Dopo aver covato sotto le ceneri per una settimana, alla fine la polemica inizia a emergere con forza. Innanzitutto fra i Mossos, la polizia catalana, e le forze dell’ordine nazionali, la Policía nacional e la Guardia civil. Prima le voci anonime che denunciavano «il grave errore» dei Mossos nel non permettere al corpo di disattivazione esplosivi delle polizie nazionali l’accesso a Alcanar, perché, dicevano, avrebbero chiarito subito che si trattava di esplosivo e non di narcotrafficanti come si era creduto all’inizio.

POI MARTEDÌ DUE SINDACATI di polizia spagnoli maggioritari avevano denunciato che «la debolezza delle istituzioni e dei responsabili politici ha fatto sì che l’esperienza e la struttura a livello nazionale nella lotta antiterrorista sia stata marginalizzata in modo doloso con l’unico obiettivo di trasmettere verso l’esterno l’immagine di uno stato catalano autosufficiente». I Mossos avrebbero anche ignorato il fatto che l’imam era stato discepolo di un noto terrorista detenuto nel 2007. I sindacati spagnoli dicono che i Mossos non avevano conoscenza del passato dell’imam perché non avevano comunicato alla polizia spagnola l’esistenza di un nuovo imam. Ai Mossos però il governo centrale non facilita l’accesso alle basi di dati nazionali e internazionali.

RISPOSTA DI IERI di due sindacati dei Mossos: «È ingiusto, tutti abbiamo lavorato moltissimo» e «perché la polizia spagnola non ha informato i Mossos su chi era l’imam? Perché ci avete escluso per tutti questi anni dall’informazione europea contro il terrorismo?». E aggiungono che la collaborazione fra i corpi di sicurezza è «fondamentale» e che «dire che questo o quello avrebbe evitato qualcosa è temerario, irresponsabile e irrispettoso». Il tutto mentre, formalmente, i politici continuano a lodare la collaborazione. L’ultimo, ieri, il delegato del governo a Barcellona, Enric Millo del Pp. E poi, i Mossos sono stati in grado di disarticolare una cellula terrorista in solo tre giorni.

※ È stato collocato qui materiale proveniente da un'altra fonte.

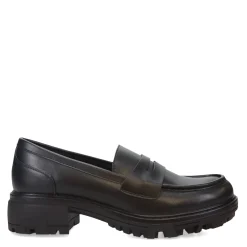 Unisa Loafers|Women's , Wennie Loafer Black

MA CI SONO ALTRE COSE che non quadrano. Il sindaco del paese di Vilvoorde in Belgio, zona di radicalismo, ha dichiarato che aveva comunicato alle forze di sicurezza «spagnole» (senza specificare quali) che l’imam Es Satty – che lì aveva vissuto alcuni mesi nel 2016 prima di essere espulso dalla stessa comunità musulmana – aveva suscitato molti sospetti. Le autorità spagnole avrebbero negato qualsiasi vincolo con atti di terrorismo o criminalità (ma l’imam era stato in carcere per 4 anni per narcotraffico). Lo stesso ministro degli interni Zoido ha smentito ieri qualsiasi comunicazione da parte del Belgio. A gettare benzina sul fuoco, anche la decisione del Parlament catalano di assegnare domani una medaglia d’oro alla polizia catalana e alle polizie urbane di Barcellona e di Cambrils, ma non a quelle spagnole. Ciutadanos, il Pp e i socialisti catalani hanno protestato.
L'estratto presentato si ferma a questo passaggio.